Good luck with the move its a great adventure !!


----------



## Alcalaina (Aug 6, 2010)

Antequera is beautiful. I hope you like olive oil.


----------



## Lynn R (Feb 21, 2014)

Congratulations, I hope you will be very happy there.


----------



## Derek H (Dec 7, 2008)

Well done. I wish you every success.

Oh dear! Someone else I envy. One day. One day soon? Please......

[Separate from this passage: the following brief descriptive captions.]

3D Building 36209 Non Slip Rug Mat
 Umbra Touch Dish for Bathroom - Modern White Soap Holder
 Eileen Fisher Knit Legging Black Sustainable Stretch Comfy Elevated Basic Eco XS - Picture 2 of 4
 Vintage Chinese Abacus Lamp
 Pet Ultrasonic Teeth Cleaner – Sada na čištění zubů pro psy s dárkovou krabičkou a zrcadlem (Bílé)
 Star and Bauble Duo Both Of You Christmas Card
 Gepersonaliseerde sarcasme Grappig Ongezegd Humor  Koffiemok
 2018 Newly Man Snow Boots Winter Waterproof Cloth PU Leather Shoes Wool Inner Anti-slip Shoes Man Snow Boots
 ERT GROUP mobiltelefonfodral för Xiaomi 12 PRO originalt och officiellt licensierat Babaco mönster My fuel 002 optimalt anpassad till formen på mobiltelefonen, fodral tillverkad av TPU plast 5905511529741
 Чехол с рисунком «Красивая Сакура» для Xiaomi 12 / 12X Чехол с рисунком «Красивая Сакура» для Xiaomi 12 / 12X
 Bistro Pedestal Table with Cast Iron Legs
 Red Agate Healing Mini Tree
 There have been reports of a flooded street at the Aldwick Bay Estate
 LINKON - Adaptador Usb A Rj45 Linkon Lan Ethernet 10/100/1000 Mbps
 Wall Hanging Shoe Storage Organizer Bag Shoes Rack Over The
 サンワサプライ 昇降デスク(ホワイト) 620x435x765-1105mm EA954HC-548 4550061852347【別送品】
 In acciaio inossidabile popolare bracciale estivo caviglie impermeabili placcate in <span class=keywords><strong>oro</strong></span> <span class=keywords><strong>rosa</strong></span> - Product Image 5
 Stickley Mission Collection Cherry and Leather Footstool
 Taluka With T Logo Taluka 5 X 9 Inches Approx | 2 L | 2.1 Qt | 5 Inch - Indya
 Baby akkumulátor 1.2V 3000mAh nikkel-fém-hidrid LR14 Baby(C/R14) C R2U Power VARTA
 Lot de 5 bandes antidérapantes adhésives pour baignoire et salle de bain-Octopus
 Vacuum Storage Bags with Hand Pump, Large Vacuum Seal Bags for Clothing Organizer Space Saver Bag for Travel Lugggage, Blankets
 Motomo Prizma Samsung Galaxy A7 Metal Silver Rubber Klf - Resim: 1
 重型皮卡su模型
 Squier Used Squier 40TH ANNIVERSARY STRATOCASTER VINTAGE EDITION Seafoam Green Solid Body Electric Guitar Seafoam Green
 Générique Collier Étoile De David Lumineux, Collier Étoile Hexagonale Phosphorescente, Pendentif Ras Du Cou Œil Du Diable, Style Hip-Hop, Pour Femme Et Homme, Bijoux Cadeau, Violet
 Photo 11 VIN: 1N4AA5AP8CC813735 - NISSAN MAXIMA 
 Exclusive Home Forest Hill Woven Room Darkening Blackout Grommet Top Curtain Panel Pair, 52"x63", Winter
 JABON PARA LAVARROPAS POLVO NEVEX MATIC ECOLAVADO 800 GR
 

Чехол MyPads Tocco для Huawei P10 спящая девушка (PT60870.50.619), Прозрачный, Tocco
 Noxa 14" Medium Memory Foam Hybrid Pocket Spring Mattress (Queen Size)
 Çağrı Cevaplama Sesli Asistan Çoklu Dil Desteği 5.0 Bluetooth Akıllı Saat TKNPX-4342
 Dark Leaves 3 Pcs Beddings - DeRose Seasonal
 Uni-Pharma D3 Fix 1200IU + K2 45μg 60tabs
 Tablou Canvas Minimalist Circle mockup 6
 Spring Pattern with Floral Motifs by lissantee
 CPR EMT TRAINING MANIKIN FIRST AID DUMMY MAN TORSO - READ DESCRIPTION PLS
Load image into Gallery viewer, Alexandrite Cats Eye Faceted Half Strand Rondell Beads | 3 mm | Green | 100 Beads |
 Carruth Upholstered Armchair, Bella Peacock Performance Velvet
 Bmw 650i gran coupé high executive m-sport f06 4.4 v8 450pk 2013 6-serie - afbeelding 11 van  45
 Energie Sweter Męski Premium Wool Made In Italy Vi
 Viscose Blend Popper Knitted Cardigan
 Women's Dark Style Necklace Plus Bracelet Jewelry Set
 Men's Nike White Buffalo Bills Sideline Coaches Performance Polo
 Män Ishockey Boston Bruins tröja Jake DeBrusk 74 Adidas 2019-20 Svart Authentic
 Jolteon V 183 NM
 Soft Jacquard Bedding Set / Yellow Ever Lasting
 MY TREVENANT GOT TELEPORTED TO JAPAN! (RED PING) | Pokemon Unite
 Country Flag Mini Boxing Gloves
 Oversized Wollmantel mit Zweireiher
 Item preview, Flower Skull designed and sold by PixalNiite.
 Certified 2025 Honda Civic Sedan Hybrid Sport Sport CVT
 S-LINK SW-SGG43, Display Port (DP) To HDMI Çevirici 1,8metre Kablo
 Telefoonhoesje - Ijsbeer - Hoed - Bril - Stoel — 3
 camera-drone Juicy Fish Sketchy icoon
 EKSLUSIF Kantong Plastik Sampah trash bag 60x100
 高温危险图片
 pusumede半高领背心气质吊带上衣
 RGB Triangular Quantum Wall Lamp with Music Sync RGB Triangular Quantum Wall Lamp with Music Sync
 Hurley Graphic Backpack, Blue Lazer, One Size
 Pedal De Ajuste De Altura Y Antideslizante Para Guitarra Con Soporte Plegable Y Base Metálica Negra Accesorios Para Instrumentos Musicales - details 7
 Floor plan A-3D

Come on now man, chin up. Remember you are British ;-)
Derek


----------



## Roy C (Sep 29, 2012)

Congrats, hopefully this time next year we will be making preparations to do the same. Without talking prices , were you able to negotiate a decent percentage off the asking price?


----------



## Maureen47 (Mar 27, 2014)

Great news and isn't it a great feeling , it took us almost 2 yrs to find the right property too but you know when its right. When do you plan to move ?


----------



## StevejR1 (May 21, 2013)

Thanks all 

I think the move to Spain will be dictated by the sale of our house here Maureen, which we are being told to expect it to take 8-12 weeks, so around those sort of times


----------



## Maureen47 (Mar 27, 2014)

Not that long then , our permanent move happens in October this year and cant wait , will be there for a lot of the time prior to that but back and forward trying to get sorted out for the final move , its great when you have your house sorted , makes it all real


----------



## StevejR1 (May 21, 2013)

Roy C said:


> Congrats, hopefully this time next year we will be making preparations to do the same. Without talking prices , were you able to negotiate a decent percentage off the asking price?





Roy C said:


> Congrats, hopefully this time next year we will be making preparations to do the same. Without talking prices , were you able to negotiate a decent percentage off the asking price?


I'm not sure if you've ventured into the Spanish housing market yet Roy, but you soon realise like any housing market , that you soon get a sense of what is a house's market value, regardless of asking price.

In Spain however, a house with a true market value of say €250,000 can easily be up for €300-325,000.....you wouldn't see that sort of mark-up in the uk, because they would have to drop to sell, it appears in Spain that you bypass that with your offer. 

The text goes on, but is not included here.